## Your assignment
Drop the pictures; give again exactly the lines from the one holding "2027 INFINITI QX65 Autograph AWD" through the end of the data.

## Materials provided
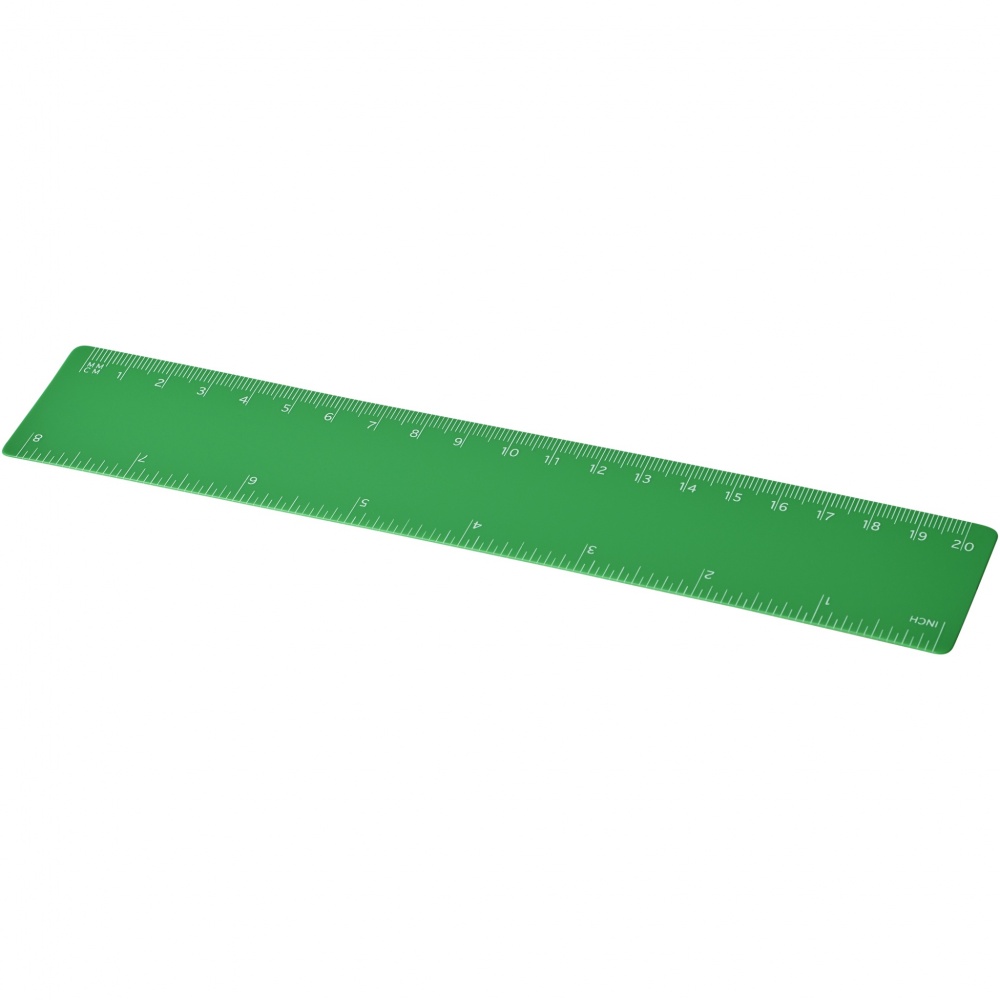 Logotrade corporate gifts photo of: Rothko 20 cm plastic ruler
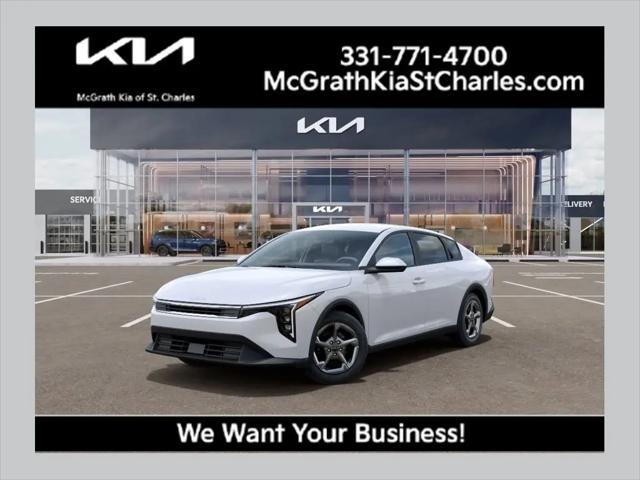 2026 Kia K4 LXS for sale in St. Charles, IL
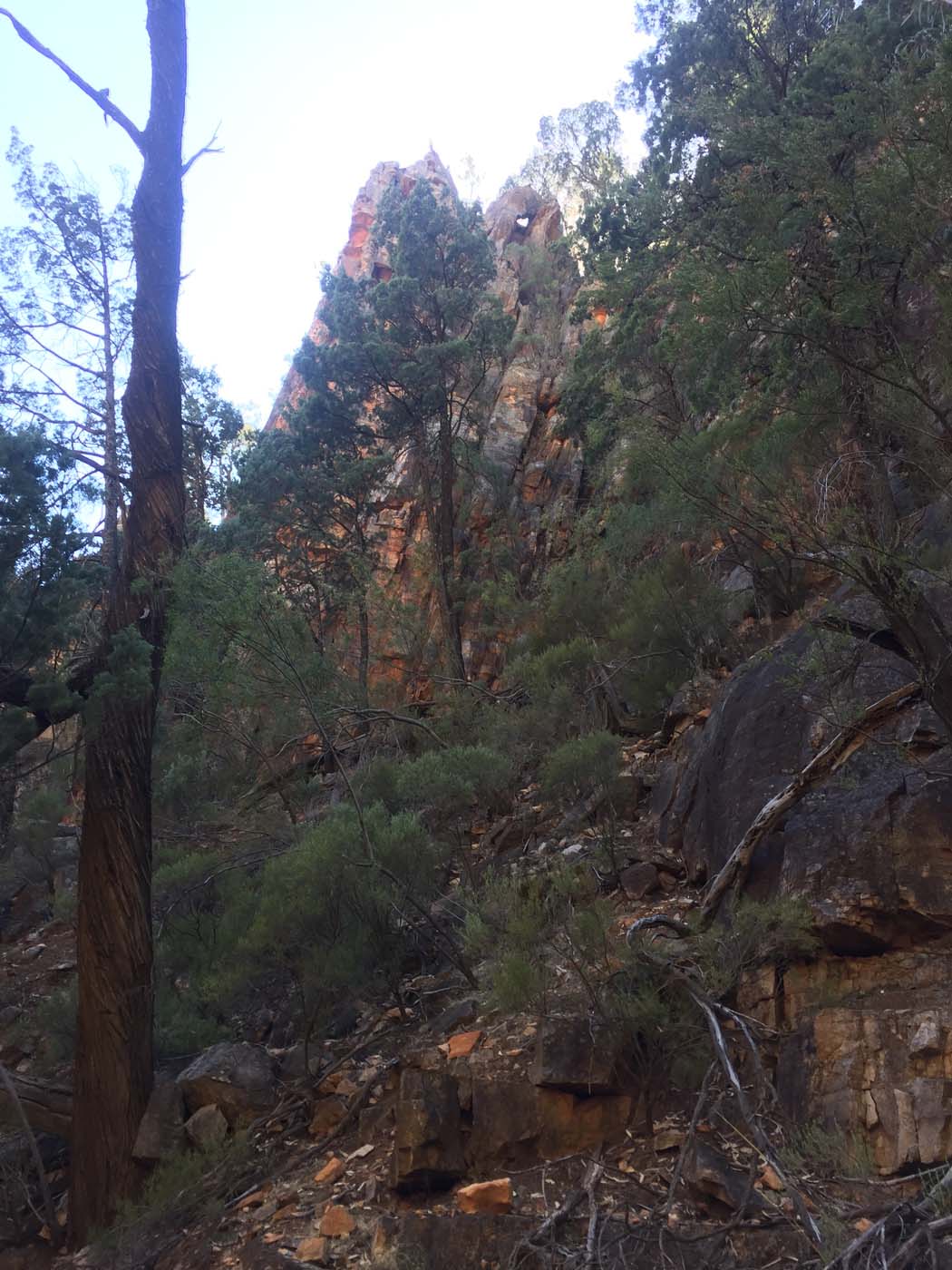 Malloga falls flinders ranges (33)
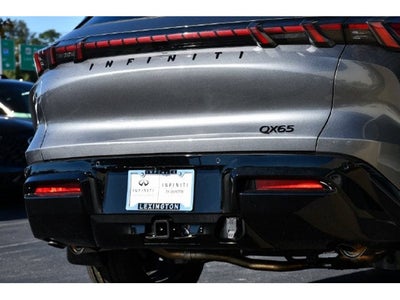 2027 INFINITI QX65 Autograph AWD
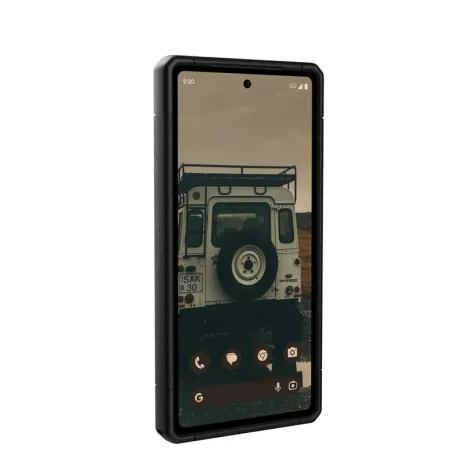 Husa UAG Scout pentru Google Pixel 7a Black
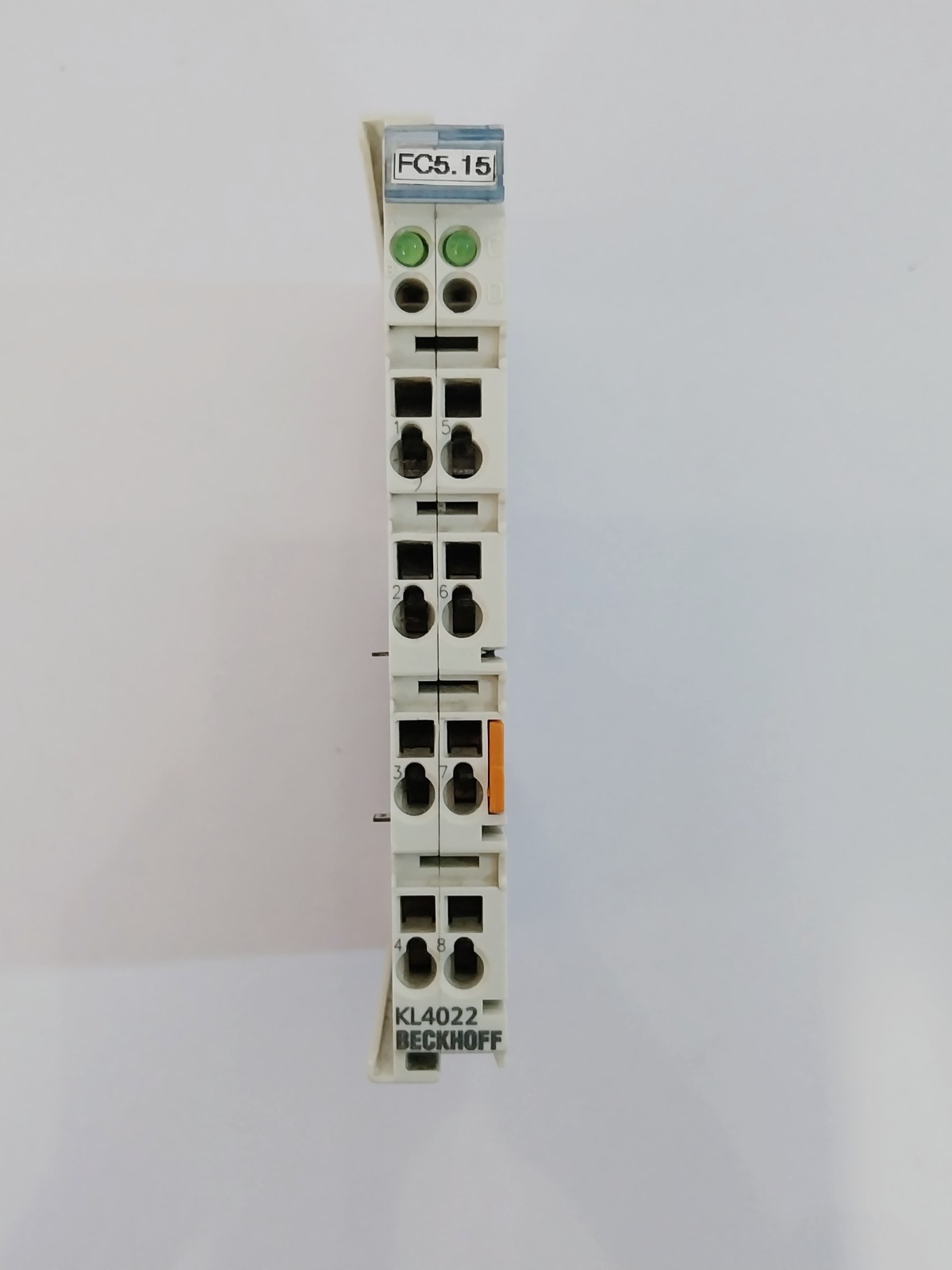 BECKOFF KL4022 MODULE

## Task result
 2027 INFINITI QX65 Autograph AWD
 Husa UAG Scout pentru Google Pixel 7a Black
 BECKOFF KL4022 MODULE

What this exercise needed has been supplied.